Since we had ruled out several options, the most dominant elements were “postcards”, consisting of two parts. The first one showed a person against the landscape, with the off-screen voice telling his or her story. Because of the limitations of the vocal performance of characters appearing in the documentary, the director planned to write down interviews and engage professional actor for reading. At a later stage, we wanted to make it with tilt-shift, but eventually, this component was replaced by classical shots.

The second part of the “postcard” presented staged scenes where the protagonists were talking to the camera. The scenes used a vertical or horizontal screen division: one part of the screen would show a person, the other would show the subject area of his/her talk. Originally the scenes narrated short stories about the protagonists’ experience in Iceland. Different “postcards” had different styles, according to the profile of a particular character. Because of the form, they looked like personalized messages from the most remote part of the world sent home, to the village, to the relatives, and to the film audience. These one-shot static scenes were supposed to describe how Iceland influenced people’s lives, how it enriched them and their families. The subjects were asked to describe what they have achieved and learned, how they have changed. The scenes were intended to show how exotic Iceland is for newcomers and to explain what they added to the community. One example was a man naming all Icelandic fish he caught and showing them at the bottom part of the screen.

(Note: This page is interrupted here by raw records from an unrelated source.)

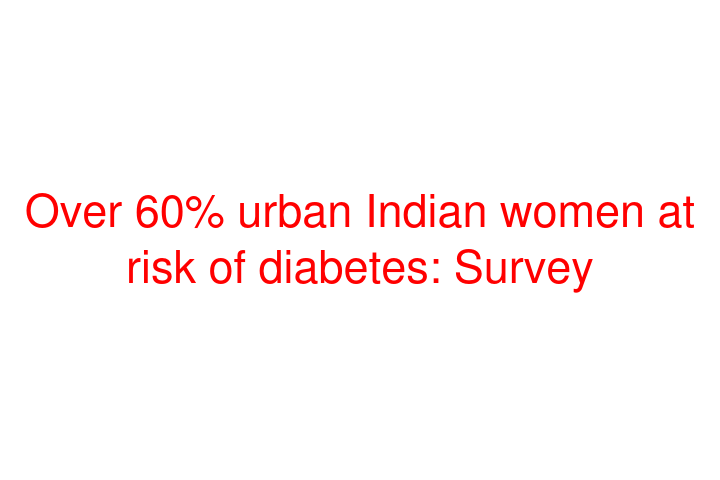 Over 60% urban Indian women at risk of diabetes: Survey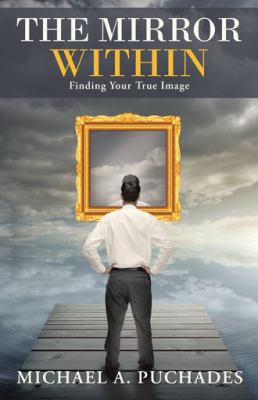 The Mirror Within: Finding Your True Image 1490833617 Book Cover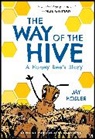 Jay Hosler, Hosler Jay, Jay Hosler - The Way of the Hive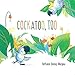 Algopix Similar Product 8 - Cockatoo, Too (Mini Bee Board Books)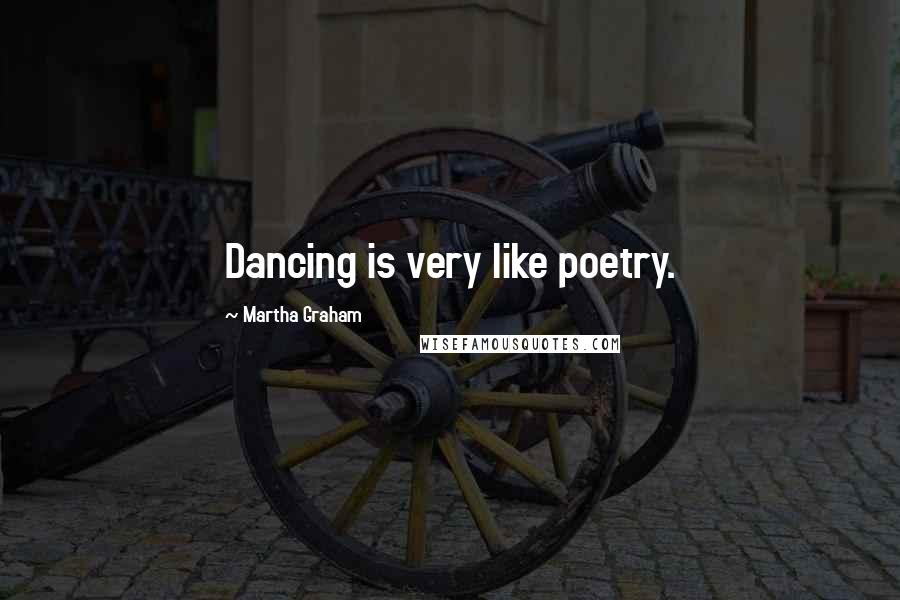 Martha Graham Quotes: Dancing is very like poetry.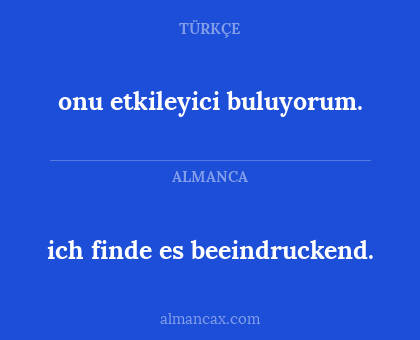 ich finde es beeindruckend. - onu etkileyici buluyorum.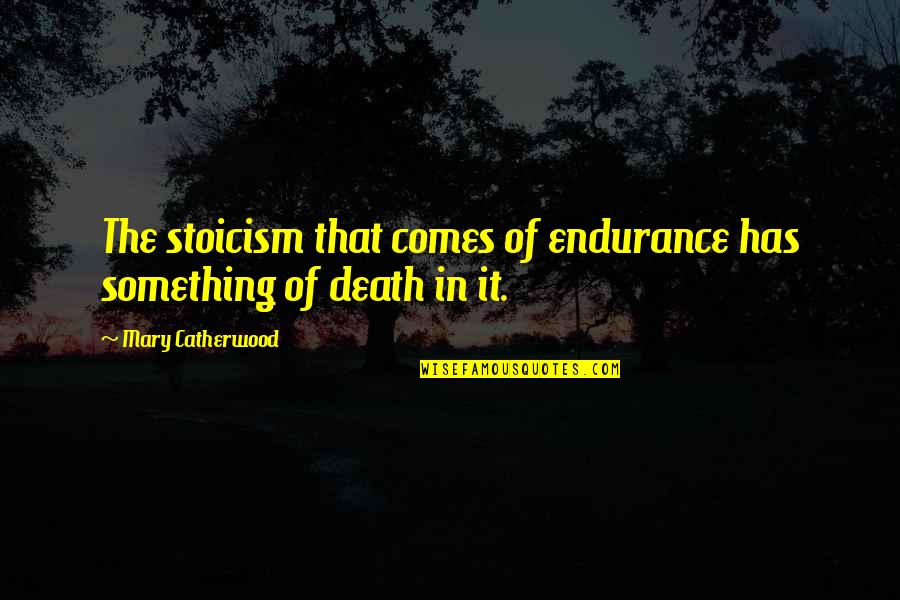 Slobber Straps Quotes By Mary Catherwood: The stoicism that comes of endurance has something Slobber Straps Quotes By Mary Catherwood: The stoicism that comes of endurance has something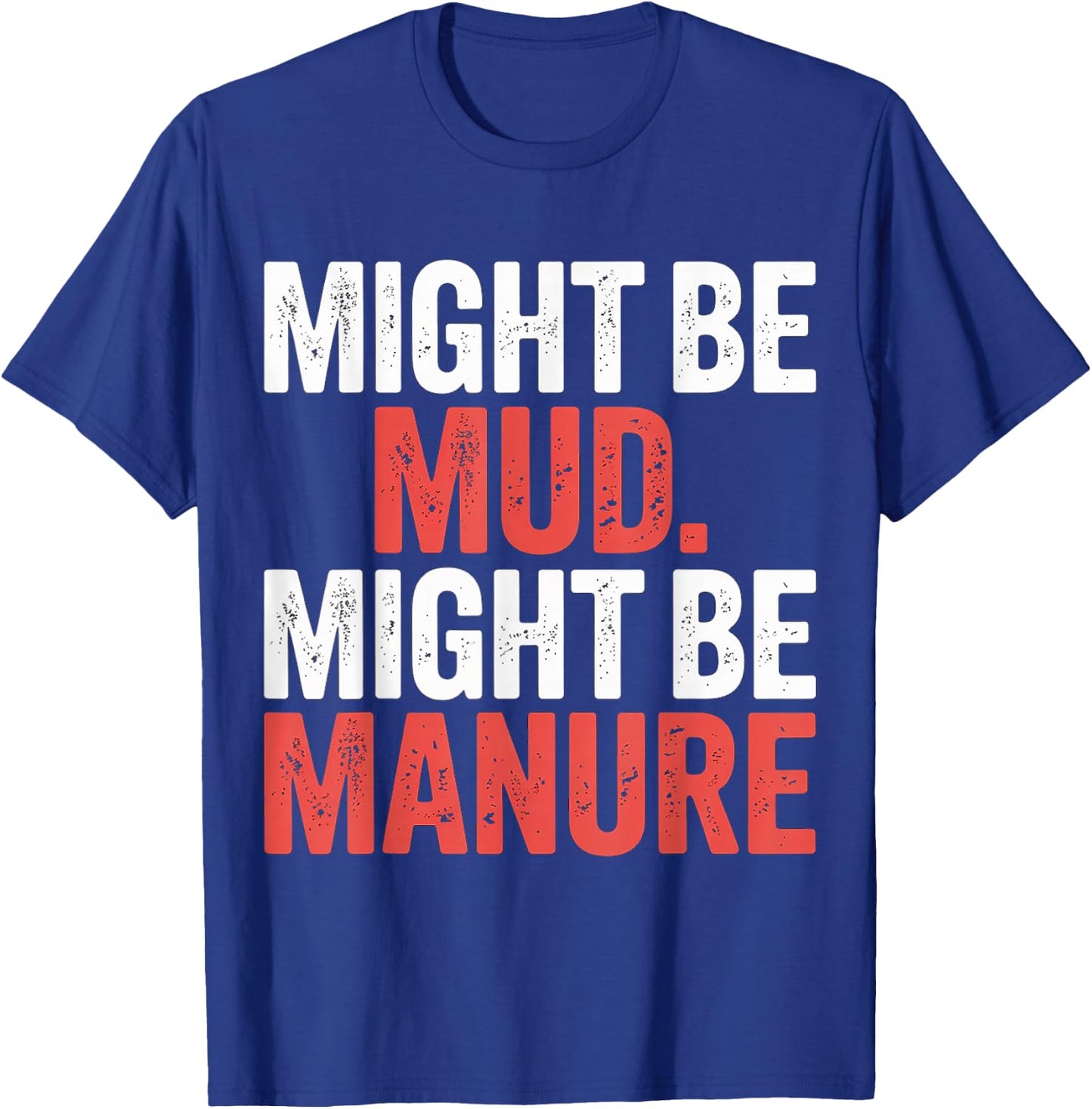 Might Be Mud Might Be Manure Farmer Work Ranch T-Shirt - T-Shirt | Royal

Instead of dividing the screen I suggested using in-frame composition based on multiple layers. I made a test scene with a moving car and presented it to the director. I believe that it was the breaking point for our development. Afterwards, we decided to use the film means in an unusual way. The new goal was to show the connection between the people similar to a Skype chat, but by using film effects. We came to the conclusion that the characters of the documentary pretend to be together, trying to act as if they had never left their home country, but it is obviously not true. In fact, they miss contact with their close ones. Instead of showing direct conversations, we decided to use the prerecorded footage to depict a different emotional bond and deeper feelings. Instead of showing Icelandic geysers and icebergs, the film could present what actually is important for the characters. The “postcards” could show who characters actually are; they could reveal their individuality. I found several methods to make multilayer frame compositions. The easiest one was to use on-set compositing with an LCD screen or a projector, but I wanted to try something more sophisticated. I suggested using VFX in a creative way to combine different pictures in one edit. Instead of dividing the screen into two parts it was to be divided into two planes through a composition based on green screen technology. We decided to try this idea first as the most challenging realization option.

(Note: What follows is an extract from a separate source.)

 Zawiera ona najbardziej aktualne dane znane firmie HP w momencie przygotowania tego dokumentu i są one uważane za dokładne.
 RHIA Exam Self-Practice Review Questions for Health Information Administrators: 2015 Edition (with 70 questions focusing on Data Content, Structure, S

In October 2016 we went to Iceland. It was my first encounter with the locations and the protagonists. An effective development requires getting to the source of inspiration. I wanted to test my ideas on real locations. While I was there, I made extensive documentation of the places, people, letters, and mementos from the past. It was an excellent source for further development and also, as it turned out, the material for the ending of the film.

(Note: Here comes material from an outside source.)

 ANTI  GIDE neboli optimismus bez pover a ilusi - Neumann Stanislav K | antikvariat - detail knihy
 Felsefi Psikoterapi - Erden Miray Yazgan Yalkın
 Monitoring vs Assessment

In order to have virtual access to these locations, I made several high-dynamic-range panoramas and photogrammetries. These actions are commonly used in average VFX realizations to share with the post-production team the information about the location that was available to the shooting team. Having such information, you can measure dimensions, design the set, examine the placement for the equipment or make the next location scouting in virtual reality. During our journey, we encountered enormous, beautiful northern lights. I recorded them using time-lapse photography. Some of these materials were used later for the production. Documentation at such a level is often treated as a final source.

 

360° In Touch VR experience 01
360° In Touch VR experience 02
360° In Touch VR experience 03
360° In Touch VR experience 04

My next challenge was to find the way to involve the protagonists to a greater extent during shooting. My idea was to explain to them our intentions, to tell them how we want to create the film and how we plan to use special effects. The film was intended to bring together, in its own way, the members of a community separated by thousands of kilometers. We wanted to reunite families and friends through VFX realization, and they had to understand that. After a short explanation, they transformed from passive interview subjects into the members of our team. Another positive aspect of this strategy was that they started to bring their own creative solutions for the scenes. It was possible because these days special effects became the contemporary standard. Everyone knows how they work and what their purpose is. Advanced technical explanation was not necessary. The characters just needed to understand basic VFX rules and the main idea of the film. We tested this method a couple of times. In the beginning, I was required on-set to explain it in simple words, but later the director started doing it himself. Murch claims that the human imagination is able to recognize ideas more powerfully than we can articulate them. [4] You always understand more of the language than just verbal communication. People presented in the film required planting an idea of the movie in their heads. It allowed them to be able to reveal their stories better. Before, the material was more humorous than poetic. Now we had a proper building material to create the story.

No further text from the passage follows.